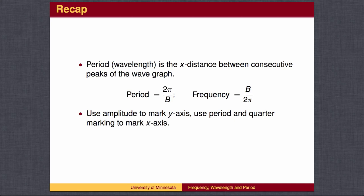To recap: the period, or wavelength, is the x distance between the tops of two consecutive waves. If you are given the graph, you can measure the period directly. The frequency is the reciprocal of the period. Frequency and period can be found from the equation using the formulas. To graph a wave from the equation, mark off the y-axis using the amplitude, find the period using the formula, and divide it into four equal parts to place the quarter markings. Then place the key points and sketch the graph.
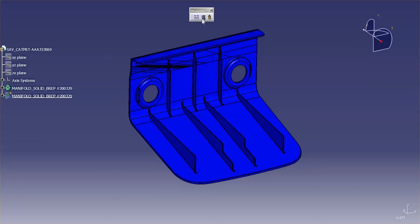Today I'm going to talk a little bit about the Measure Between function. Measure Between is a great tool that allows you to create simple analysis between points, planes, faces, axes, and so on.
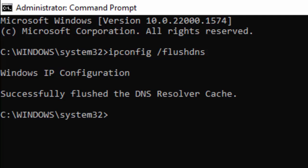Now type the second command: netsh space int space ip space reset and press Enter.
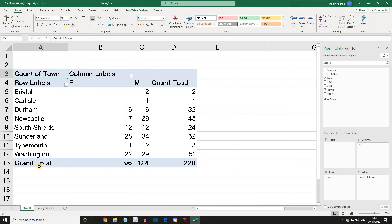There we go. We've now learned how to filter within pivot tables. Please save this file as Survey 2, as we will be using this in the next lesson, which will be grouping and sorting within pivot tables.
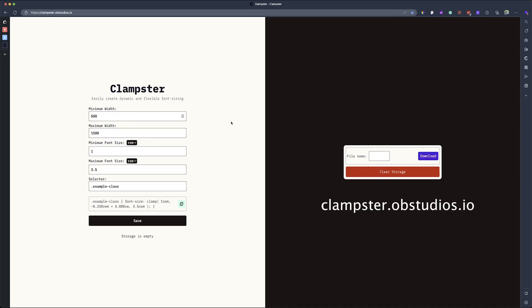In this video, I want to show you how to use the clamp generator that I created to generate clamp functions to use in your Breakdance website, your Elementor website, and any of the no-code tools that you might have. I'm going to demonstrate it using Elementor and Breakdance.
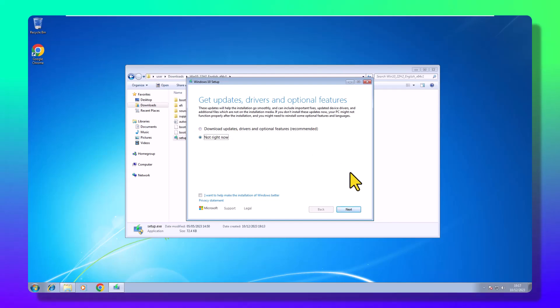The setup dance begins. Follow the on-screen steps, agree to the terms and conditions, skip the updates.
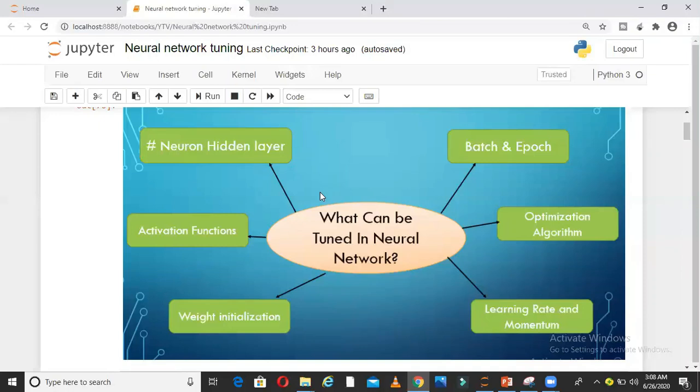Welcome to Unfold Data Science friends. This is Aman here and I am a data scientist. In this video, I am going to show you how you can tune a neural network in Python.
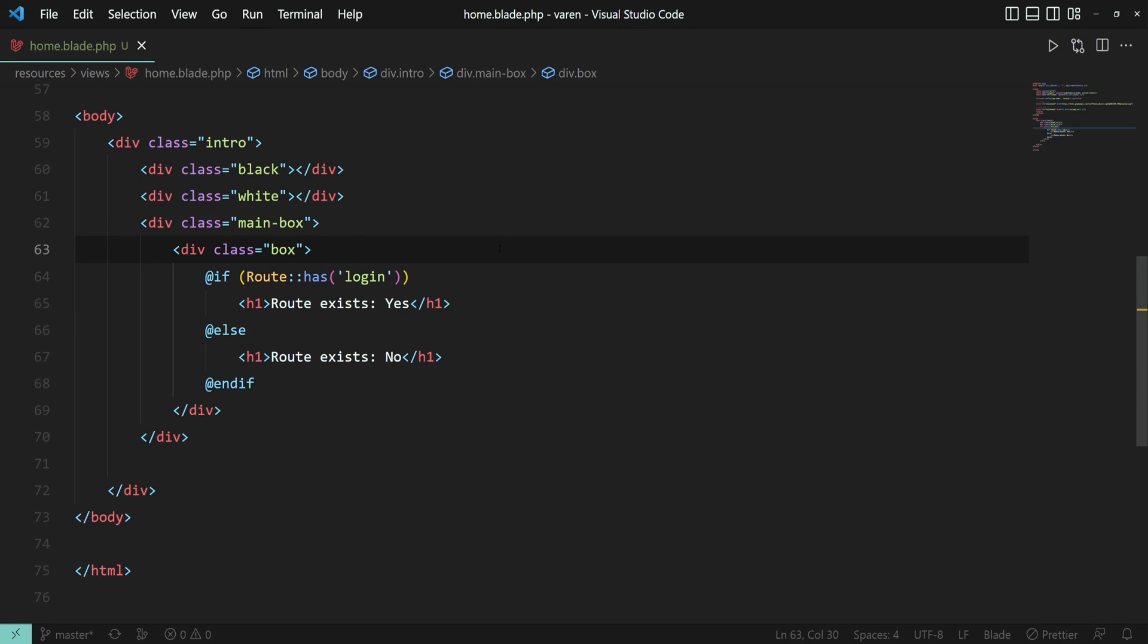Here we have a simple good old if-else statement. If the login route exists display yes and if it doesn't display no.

* * *

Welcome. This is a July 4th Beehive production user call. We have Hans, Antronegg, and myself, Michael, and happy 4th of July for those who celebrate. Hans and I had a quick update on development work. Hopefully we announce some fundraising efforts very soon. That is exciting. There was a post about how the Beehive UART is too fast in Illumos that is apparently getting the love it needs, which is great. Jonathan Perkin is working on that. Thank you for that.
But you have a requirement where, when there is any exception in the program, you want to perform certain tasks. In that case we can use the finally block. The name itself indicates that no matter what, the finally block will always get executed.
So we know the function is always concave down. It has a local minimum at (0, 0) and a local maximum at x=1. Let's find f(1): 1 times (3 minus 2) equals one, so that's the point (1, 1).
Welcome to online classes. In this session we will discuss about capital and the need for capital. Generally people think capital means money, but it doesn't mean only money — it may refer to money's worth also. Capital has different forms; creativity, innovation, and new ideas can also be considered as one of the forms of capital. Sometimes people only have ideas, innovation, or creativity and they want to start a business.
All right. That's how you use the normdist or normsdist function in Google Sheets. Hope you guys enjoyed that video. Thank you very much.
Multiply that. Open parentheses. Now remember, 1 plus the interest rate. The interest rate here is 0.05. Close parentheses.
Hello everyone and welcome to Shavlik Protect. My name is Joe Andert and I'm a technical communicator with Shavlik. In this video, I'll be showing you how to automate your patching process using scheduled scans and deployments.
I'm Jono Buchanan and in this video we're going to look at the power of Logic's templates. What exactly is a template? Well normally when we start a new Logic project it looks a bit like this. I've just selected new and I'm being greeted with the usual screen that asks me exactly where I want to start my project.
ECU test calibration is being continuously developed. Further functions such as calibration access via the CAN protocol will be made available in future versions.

...

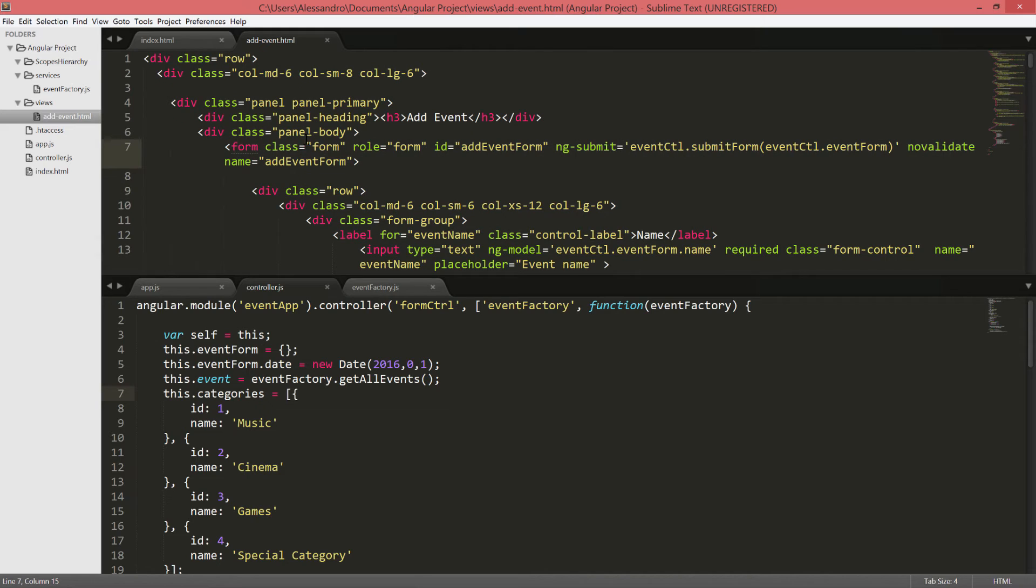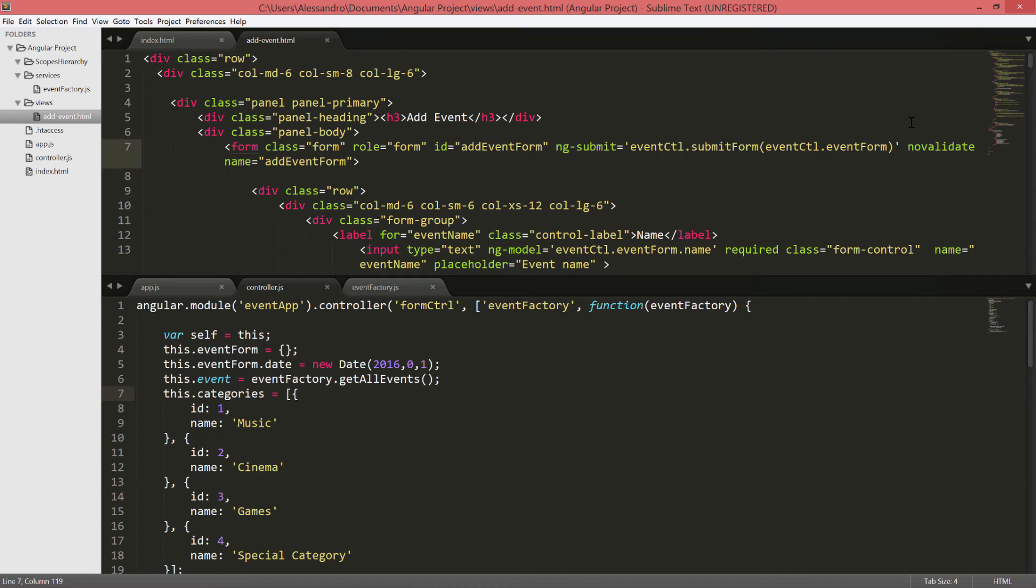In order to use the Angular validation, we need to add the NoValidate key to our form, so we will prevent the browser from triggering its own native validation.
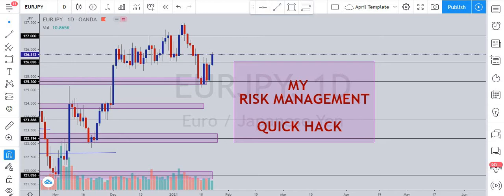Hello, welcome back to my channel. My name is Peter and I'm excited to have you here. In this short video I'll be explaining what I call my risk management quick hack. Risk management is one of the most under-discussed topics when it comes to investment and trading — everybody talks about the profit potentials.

● **Your assignment**:
Exactly the lines above, from the one containing "To recap: the" down to the one containing "There we go.", are to be repeated, including both ends. Pictures are not part of the copy.

● **Response to this exercise**:
To recap: the period, or wavelength, is the x distance between the tops of two consecutive waves. If you are given the graph, you can measure the period directly. The frequency is the reciprocal of the period. Frequency and period can be found from the equation using the formulas. To graph a wave from the equation, mark off the y-axis using the amplitude, find the period using the formula, and divide it into four equal parts to place the quarter markings. Then place the key points and sketch the graph.
Today I'm going to talk a little bit about the Measure Between function. Measure Between is a great tool that allows you to create simple analysis between points, planes, faces, axes, and so on.
Now type the second command: netsh space int space ip space reset and press Enter.
There we go. We've now learned how to filter within pivot tables. Please save this file as Survey 2, as we will be using this in the next lesson, which will be grouping and sorting within pivot tables.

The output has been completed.